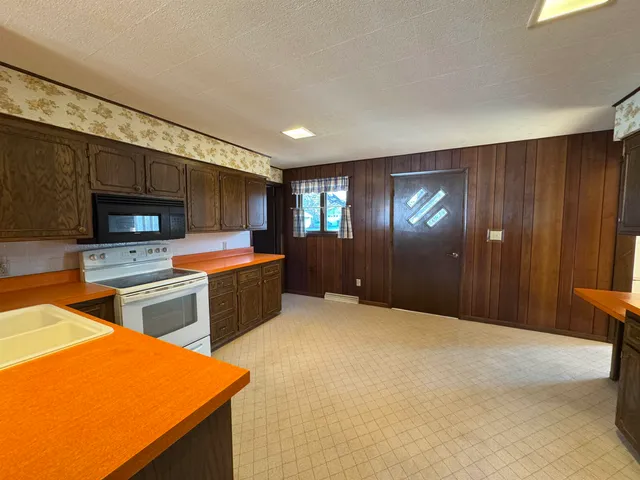 $199,000 | 452 Mill Street, Manawa, WI 54949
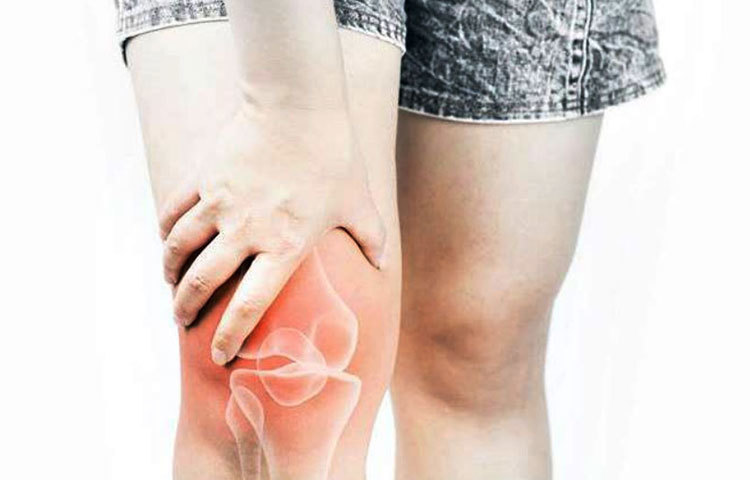 রোগা ও কম উচ্চতার মহিলাদের শরীরের হাড় বেশিরভাগ ক্ষেত্রে দুর্বল হয়। ফলে অস্টিওপোরোসিস হবার সম্ভাবনাও বেশি থাকে।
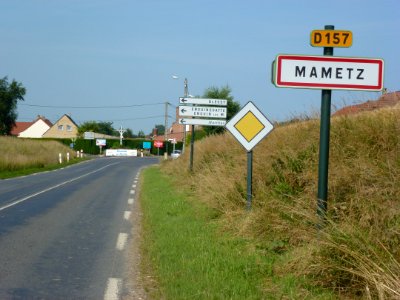 Mametz (Pas-de-Calais, Fr) city limit sign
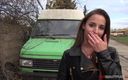 Czech Pornzone: Amirah adara टूटी हुई कार की मदद के लिए जोरदार लंड चुसाई और अच्छी चुदाई देती है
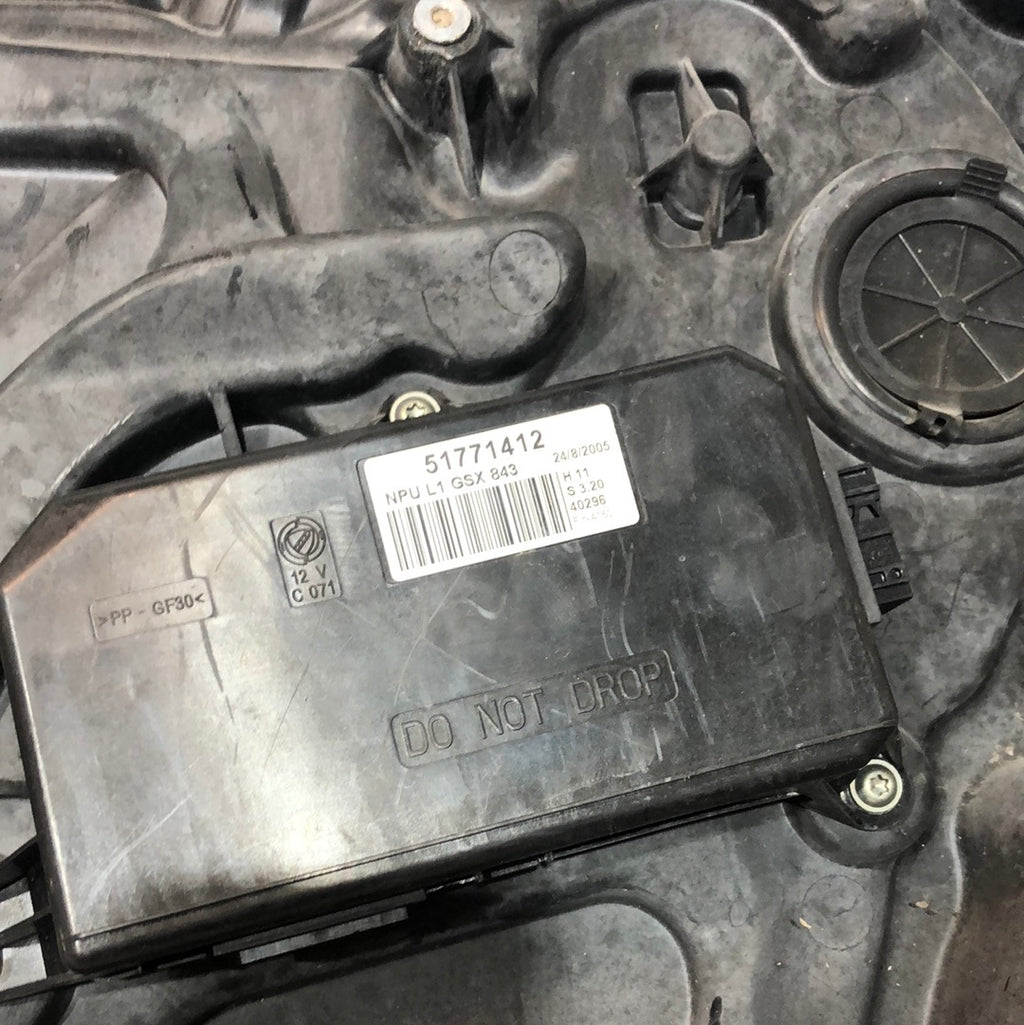Alzavetro anteriore sinistro lancia y 2005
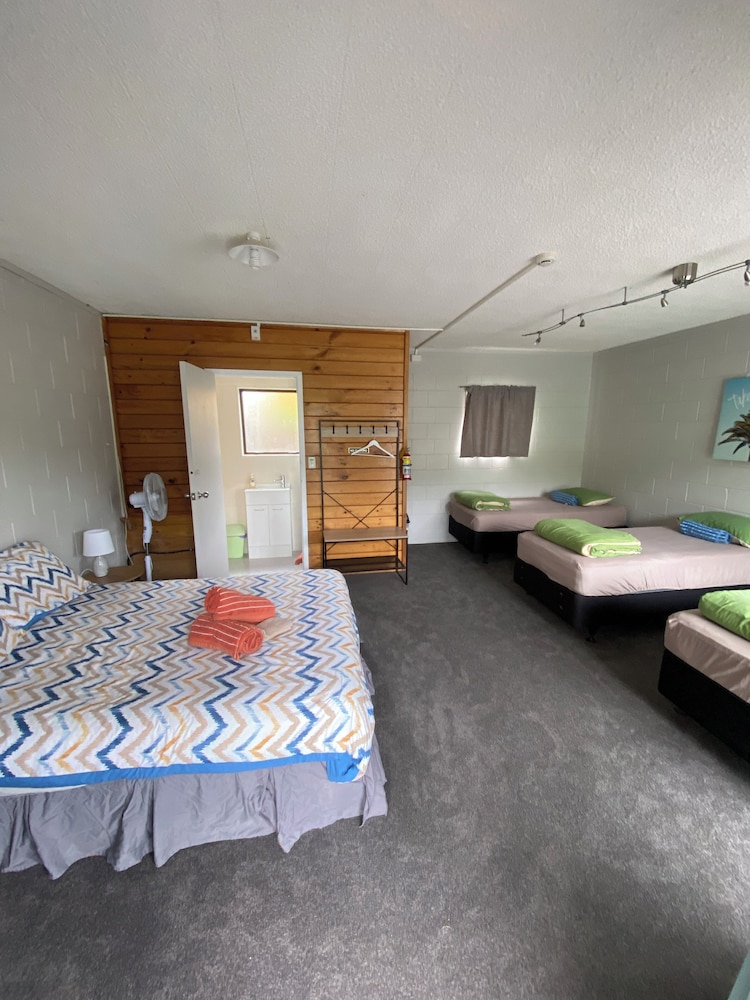 Bay of Islands Lodge 20/45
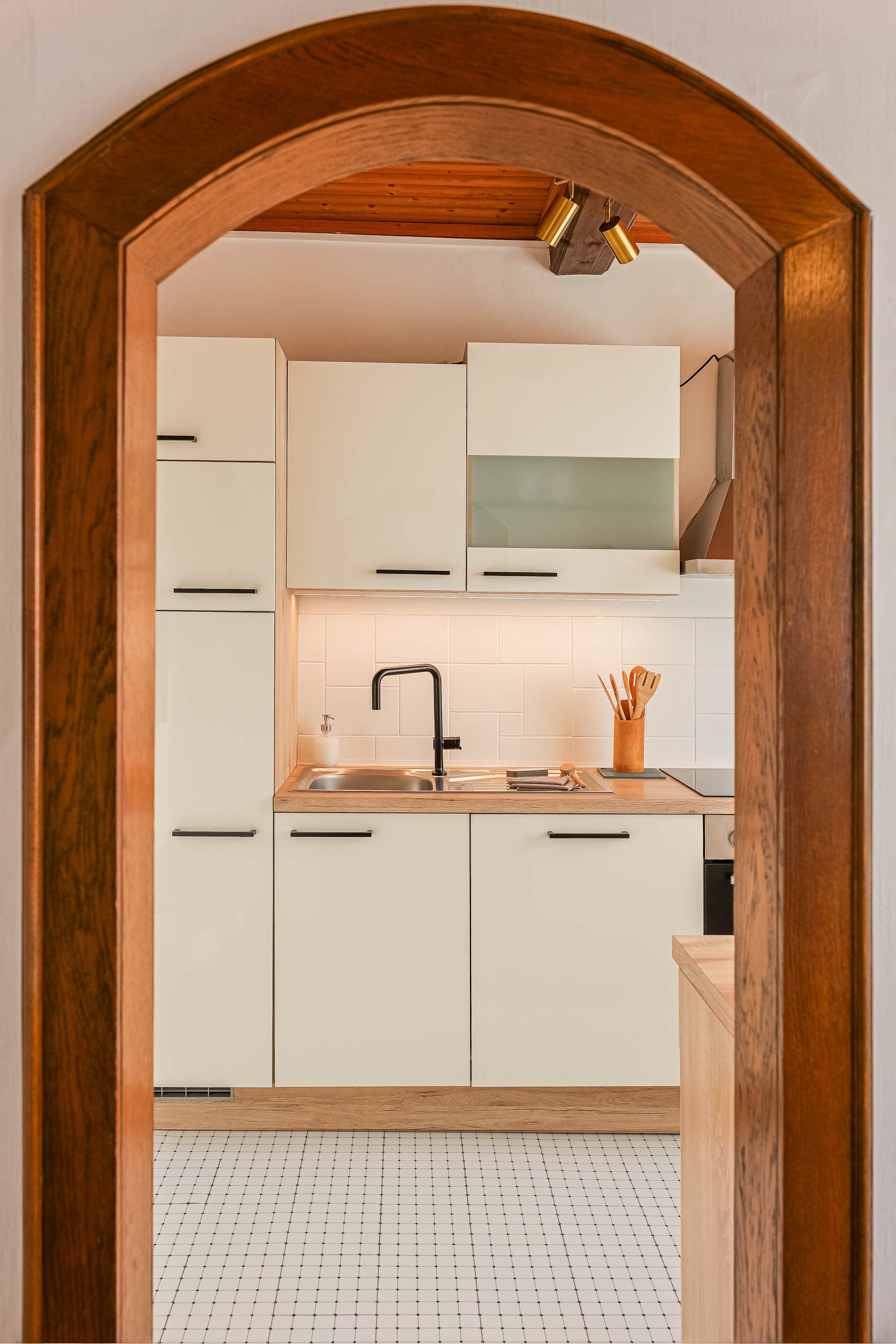 Tegelweg, Vienna. kitchen 3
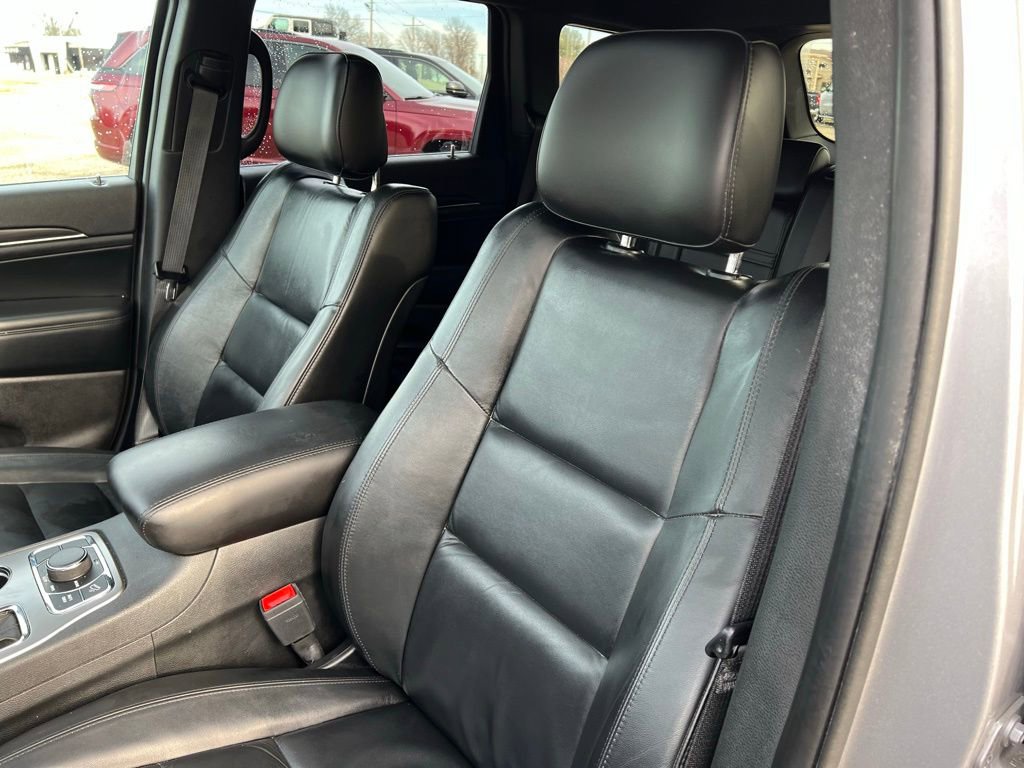 Used 2021 Jeep Grand Cherokee Limited image 29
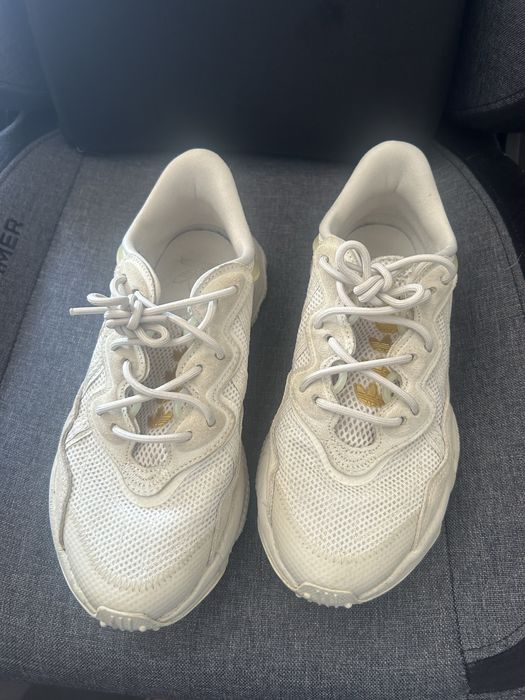 Adidas ozweego bege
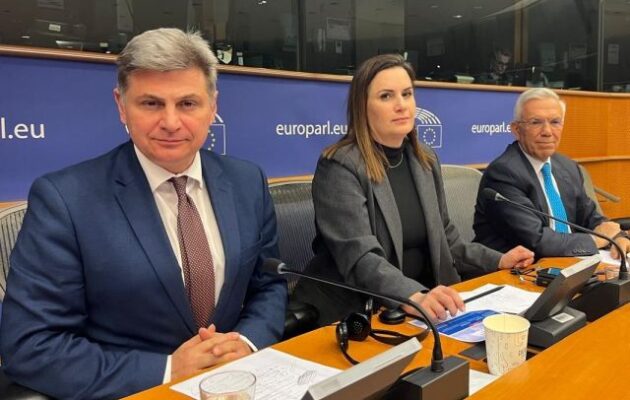 Φαραντούρης-Βαληνάκης: Ευρωπαϊκή ΑΟΖ στη Μεσόγειο η απάντηση στις απειλές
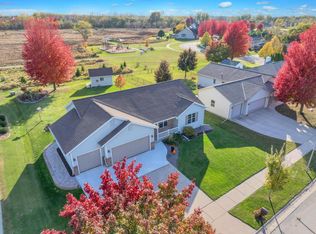 26 Hunters Ct, Fond Du Lac, WI 54937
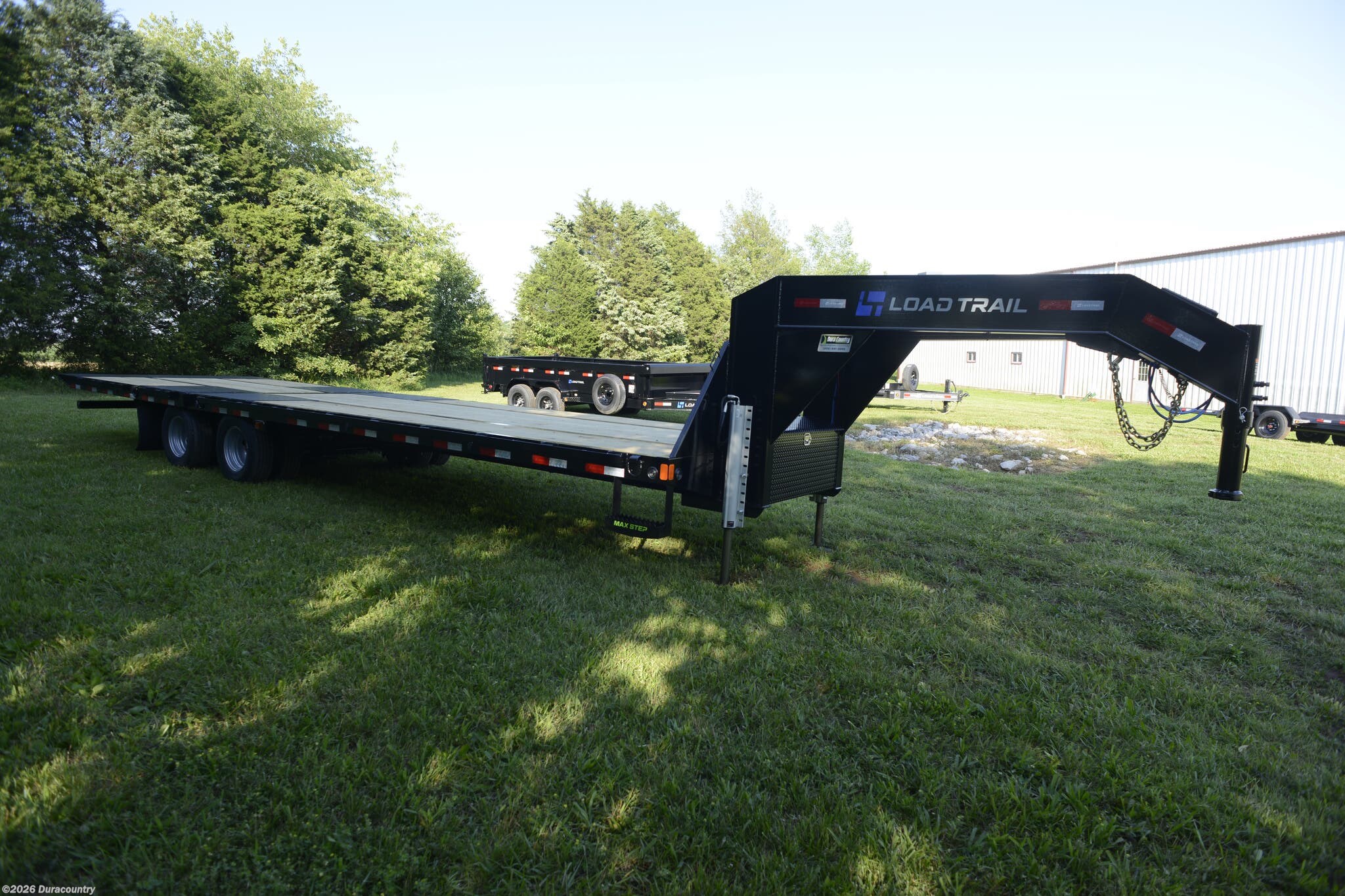 2025 GL 102" x 32' Tandem Low-Pro Gooseneck w/Hyd. Dove Tr by Load Trail from Duracountry in Irvington, Kentucky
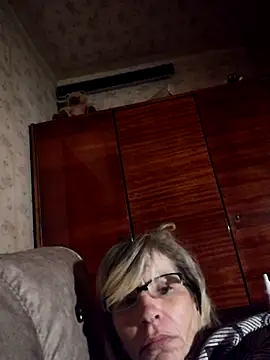 Georgette466 online show from November 16, 2025, 11:32 pm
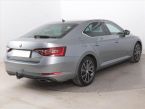 Škoda Superb - fotka číslo 4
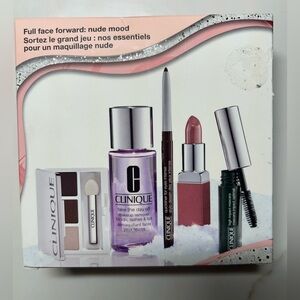 Clinique 5 piece Makeup Set new in box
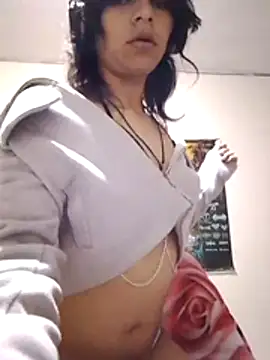 Show modela Liil_bunny na web-kameri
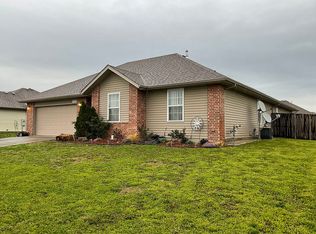 1013 S Alpine Ct, Webb City, MO 64870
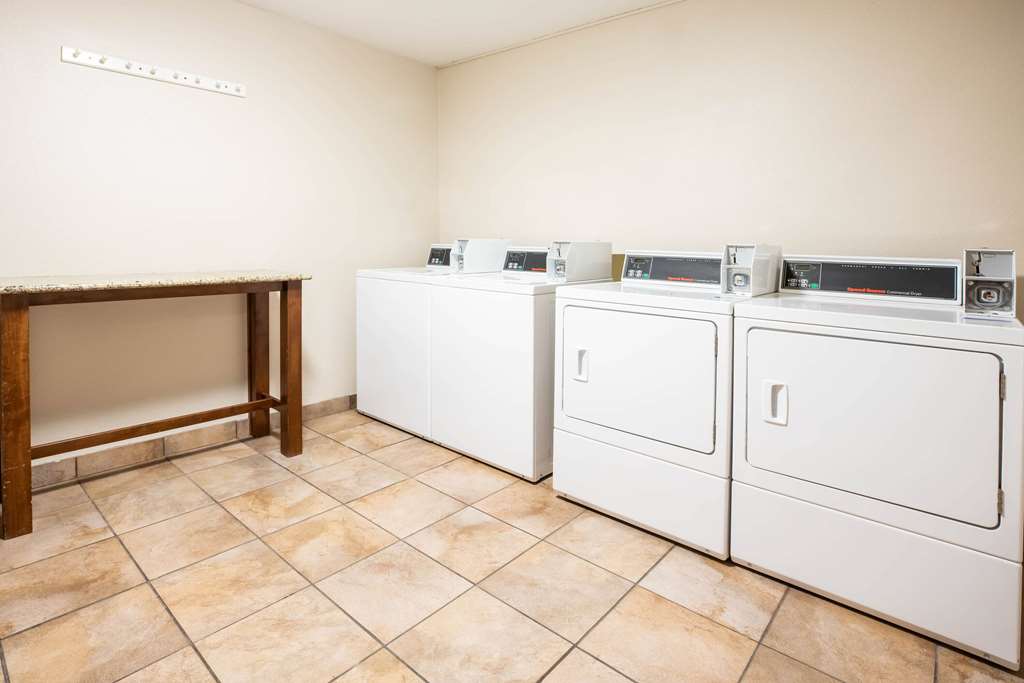 La Quinta Inn & Suites by Wyndham Grants Pass - photo 36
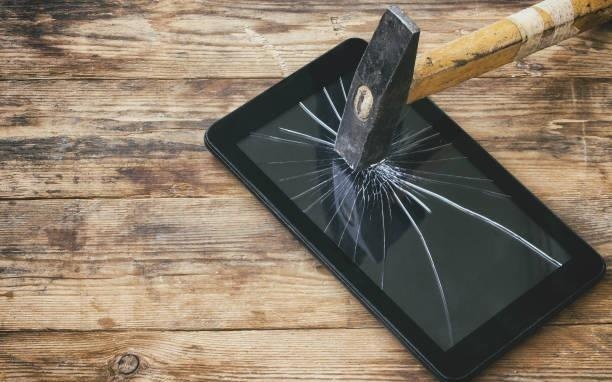 Hoc sinh bi ep dap nat dien thoai khi mang den truong hinh anh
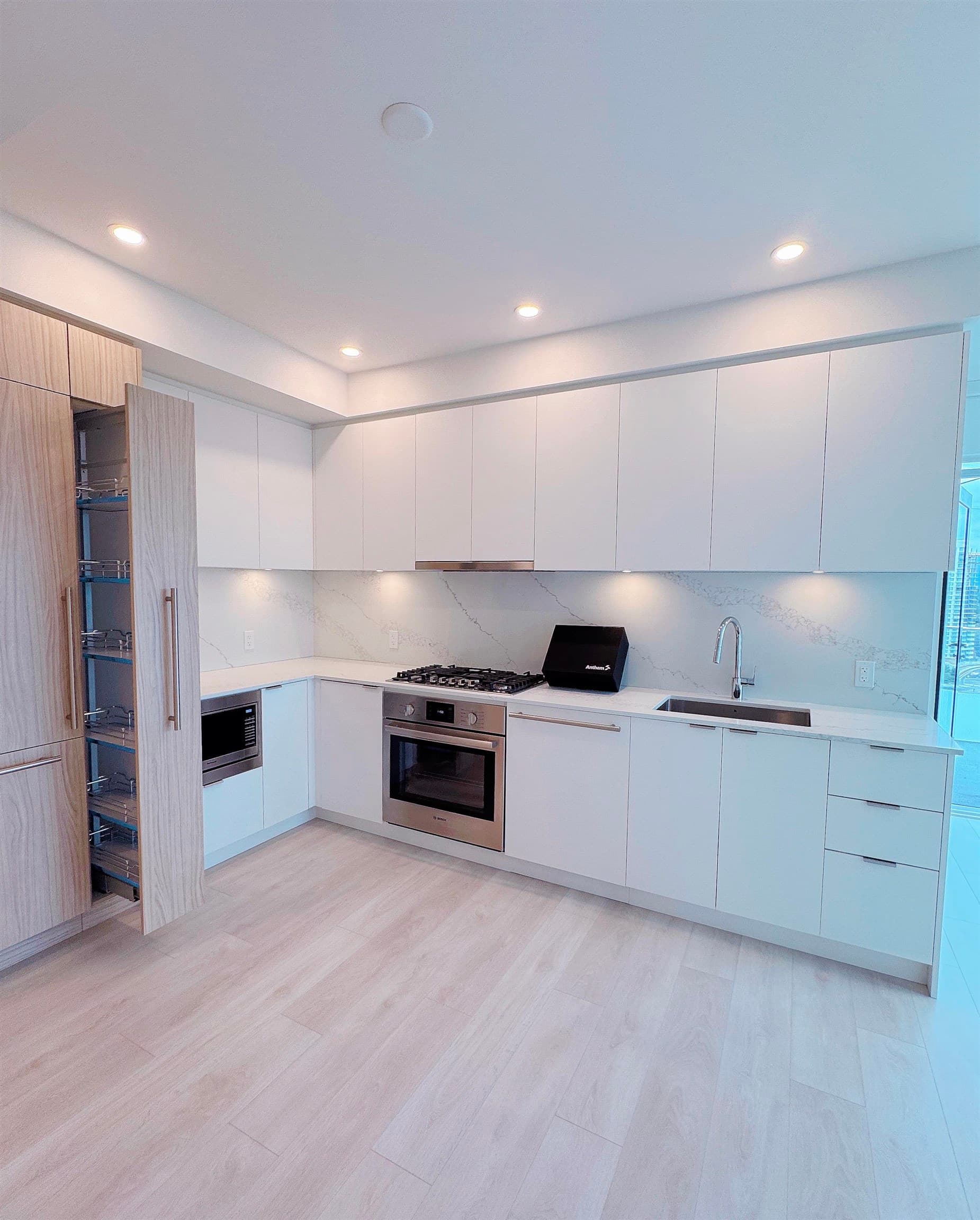 2009 - 537 Cottonwood Avenue, Coquitlam, V3J 0S4 — photo 4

• • • •

*YOUR OBJECTIVE*:
Reproduce the material above exactly, but only from the line with "Φαραντούρης-Βαληνάκης: Ευρωπαϊκή ΑΟΖ" through its last line, leaving pictures out.

*SOLUTION BELOW*:
 Φαραντούρης-Βαληνάκης: Ευρωπαϊκή ΑΟΖ στη Μεσόγειο η απάντηση στις απειλές
 26 Hunters Ct, Fond Du Lac, WI 54937
 2025 GL 102" x 32' Tandem Low-Pro Gooseneck w/Hyd. Dove Tr by Load Trail from Duracountry in Irvington, Kentucky
 Georgette466 online show from November 16, 2025, 11:32 pm
 Škoda Superb - fotka číslo 4
 Clinique 5 piece Makeup Set new in box
 Show modela Liil_bunny na web-kameri
 1013 S Alpine Ct, Webb City, MO 64870
 La Quinta Inn & Suites by Wyndham Grants Pass - photo 36
 Hoc sinh bi ep dap nat dien thoai khi mang den truong hinh anh
 2009 - 537 Cottonwood Avenue, Coquitlam, V3J 0S4 — photo 4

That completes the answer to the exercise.